This paper presents some critical design engagement with and around a South-Eastern Queensland inner urban location: the waterways of Barrambin. Conceived within the precepts of critique of the Anthropocene and concerns for More-than-Human futures, the project started with the aim of bringing contextual and historical visibility and sensibility to the ancient creeks and waterways which exist in and around an urban village area and adjacent park, recently returned to public use after decades of being a city golf course. What started out as an apparently straightforward design-led project, conceptualised as a small place-based co-design process with a view to engaging the local community with the new park, went through a state change because of emerging critical complications around the nature of relational methodologies when working with the More-than-Human, especially complex when the More-than-Human in question is itself made up of multiplicities.
About the author
Jane Turner is a game and interaction design educator and researcher. Her research embraces game design, story-making and the more-than-human through frames informed by narrative, meaning-making and place. She focuses on narrative methodologies and the material and cultural aspects of game designing, particularly the ways that design and designing are mimetic ‘story-ing’ practices.
Jen Seevinck is a practitioner, educator and researcher working in creative interaction design, emergence and data visualisation by framing enquiries into co-design, participatory art practices, perception and embodiment, and drawing on qualitative research methods into stakeholder and audience experience.
Marcus Foth is Professor of Urban Informatics at the Queensland University of Technology. His research brings together people, place, and technology. His transdisciplinary work is at the international forefront of human-computer interaction research and development with a focus on smart cities, community engagement, media architecture, internet studies, ubiquitous computing, and sustainability.

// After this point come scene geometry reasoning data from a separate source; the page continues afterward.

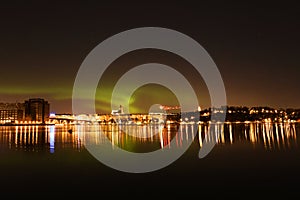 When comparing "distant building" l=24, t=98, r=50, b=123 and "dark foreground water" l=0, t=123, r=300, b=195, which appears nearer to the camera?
"dark foreground water" l=0, t=123, r=300, b=195

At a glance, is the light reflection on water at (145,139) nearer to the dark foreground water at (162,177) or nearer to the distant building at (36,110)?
the dark foreground water at (162,177)

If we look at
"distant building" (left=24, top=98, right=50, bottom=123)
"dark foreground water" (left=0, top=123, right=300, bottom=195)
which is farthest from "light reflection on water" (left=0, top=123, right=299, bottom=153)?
"distant building" (left=24, top=98, right=50, bottom=123)

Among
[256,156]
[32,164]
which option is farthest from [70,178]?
[256,156]

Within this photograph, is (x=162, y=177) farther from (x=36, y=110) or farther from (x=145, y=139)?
(x=36, y=110)

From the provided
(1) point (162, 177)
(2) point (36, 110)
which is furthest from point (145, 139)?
(2) point (36, 110)

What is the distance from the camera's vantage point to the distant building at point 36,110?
138 m

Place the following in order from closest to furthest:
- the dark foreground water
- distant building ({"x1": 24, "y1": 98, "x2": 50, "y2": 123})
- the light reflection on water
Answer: the dark foreground water → the light reflection on water → distant building ({"x1": 24, "y1": 98, "x2": 50, "y2": 123})

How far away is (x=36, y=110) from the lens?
460ft

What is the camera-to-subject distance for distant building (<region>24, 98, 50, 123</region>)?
138062mm

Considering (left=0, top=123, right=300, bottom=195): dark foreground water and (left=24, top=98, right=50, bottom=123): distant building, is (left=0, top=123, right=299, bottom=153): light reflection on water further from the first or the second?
(left=24, top=98, right=50, bottom=123): distant building

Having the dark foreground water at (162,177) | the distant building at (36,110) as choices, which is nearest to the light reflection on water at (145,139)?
the dark foreground water at (162,177)

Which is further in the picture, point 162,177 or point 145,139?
point 145,139

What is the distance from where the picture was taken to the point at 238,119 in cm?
11831

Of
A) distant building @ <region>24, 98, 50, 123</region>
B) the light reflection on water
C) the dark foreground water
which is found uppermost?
distant building @ <region>24, 98, 50, 123</region> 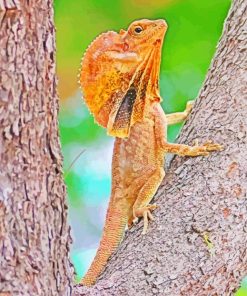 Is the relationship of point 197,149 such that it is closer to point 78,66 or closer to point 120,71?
point 120,71

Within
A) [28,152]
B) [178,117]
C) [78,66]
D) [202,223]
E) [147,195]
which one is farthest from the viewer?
[78,66]

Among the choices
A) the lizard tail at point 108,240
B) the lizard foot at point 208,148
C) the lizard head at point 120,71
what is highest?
the lizard head at point 120,71

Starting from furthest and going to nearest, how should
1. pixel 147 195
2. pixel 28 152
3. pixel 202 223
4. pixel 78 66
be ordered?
pixel 78 66
pixel 147 195
pixel 202 223
pixel 28 152

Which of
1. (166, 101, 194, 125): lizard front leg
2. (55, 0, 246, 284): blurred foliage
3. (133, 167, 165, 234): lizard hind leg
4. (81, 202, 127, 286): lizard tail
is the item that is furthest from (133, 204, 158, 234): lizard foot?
(55, 0, 246, 284): blurred foliage

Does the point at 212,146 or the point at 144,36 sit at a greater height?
the point at 144,36

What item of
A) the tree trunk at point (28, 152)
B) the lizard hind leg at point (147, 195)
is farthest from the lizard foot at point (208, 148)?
the tree trunk at point (28, 152)

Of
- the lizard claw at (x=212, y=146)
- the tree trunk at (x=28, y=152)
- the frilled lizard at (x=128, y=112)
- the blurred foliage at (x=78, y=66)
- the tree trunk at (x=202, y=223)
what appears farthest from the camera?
the blurred foliage at (x=78, y=66)

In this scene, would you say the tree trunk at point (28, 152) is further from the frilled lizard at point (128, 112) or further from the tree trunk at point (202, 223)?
the frilled lizard at point (128, 112)

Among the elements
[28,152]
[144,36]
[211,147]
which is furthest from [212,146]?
[28,152] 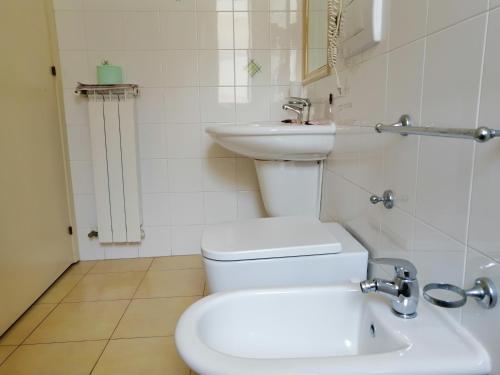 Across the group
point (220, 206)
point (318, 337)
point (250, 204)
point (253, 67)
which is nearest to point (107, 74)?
point (253, 67)

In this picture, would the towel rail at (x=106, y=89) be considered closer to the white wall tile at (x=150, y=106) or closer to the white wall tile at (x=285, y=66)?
the white wall tile at (x=150, y=106)

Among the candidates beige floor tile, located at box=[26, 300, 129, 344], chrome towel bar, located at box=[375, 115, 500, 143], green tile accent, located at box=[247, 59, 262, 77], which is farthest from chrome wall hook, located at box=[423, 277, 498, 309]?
green tile accent, located at box=[247, 59, 262, 77]

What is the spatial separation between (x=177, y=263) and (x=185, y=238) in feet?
0.55

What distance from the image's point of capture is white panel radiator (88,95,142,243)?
2.02m

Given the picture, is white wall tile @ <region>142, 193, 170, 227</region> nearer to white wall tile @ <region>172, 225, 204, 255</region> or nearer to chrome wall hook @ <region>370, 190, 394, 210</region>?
white wall tile @ <region>172, 225, 204, 255</region>

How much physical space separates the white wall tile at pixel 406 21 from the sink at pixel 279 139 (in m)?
0.53

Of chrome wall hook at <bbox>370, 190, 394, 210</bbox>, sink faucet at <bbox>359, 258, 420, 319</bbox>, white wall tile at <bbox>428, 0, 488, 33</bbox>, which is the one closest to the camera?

Keith Armstrong is an experimental artist profoundly motivated by issues of social and ecological justice. His engaged, participative practices provoke audiences to comprehend, envisage and imagine collective pathways towards sustainable futures.
Nicole Vickery is a Post-Doctoral Research Fellow at QUT, Brisbane Australia. She believes that play has the power to shape people’s lives and her research into videogame play, and children’s active play with tangible, embodied and embedded technologies is guided by this. Nicole is keenly interested in how play can influence people’s experiences in nature.
Nick Kelly is a cross-disciplinary researcher spanning the fields of Design and Education. He conducts research into design cognition (how designers think), metacognition in learning (how teachers and learners develop their metacognitive abilities), and places where these two things come together (design pedagogy, design for learning, learning by design, design of learning technologies).
Anastasia Tyurina is interested in collaborative practices of science, technologies, arts, and design that address complex critical issues in society. Anastasia sees the development of technology as a fundamental human activity and operates within the domains of emerging technologies, visual communication, interaction design, scientific imaging, photography, and creative coding.
Heather McKinnon is a designer-researcher and educator in Interaction Design. Her research focuses on designing ecological futures through the lens of Sustainable Interaction Design and Speculative Design. Her recent work engages with how ecofeminist theories and approaches can address ecological issues within Design.
Amari Low is a multidisciplinary designer with a background in graphic design and web development. Their research bridges locative media, interactive narratives, and capturing complex relationships with(in) place through storytelling and visual art. Amari’s ongoing thesis project explores design supporting virtual placemaking among translocal people in long-distance relationships
Lowana Davies is an eco-olfactory artist and MPhil. Candidate with QUT School of Creative Practice and Centre for the Environment. Drawing on pro-Indigenous, intersectional and trans-inclusive feminist thinking, her practice-led research investigates how we might use engaged, situated arts practices to build stronger connections with the ecologies of more-than-human worlds, by tuning into them using our sense of smell.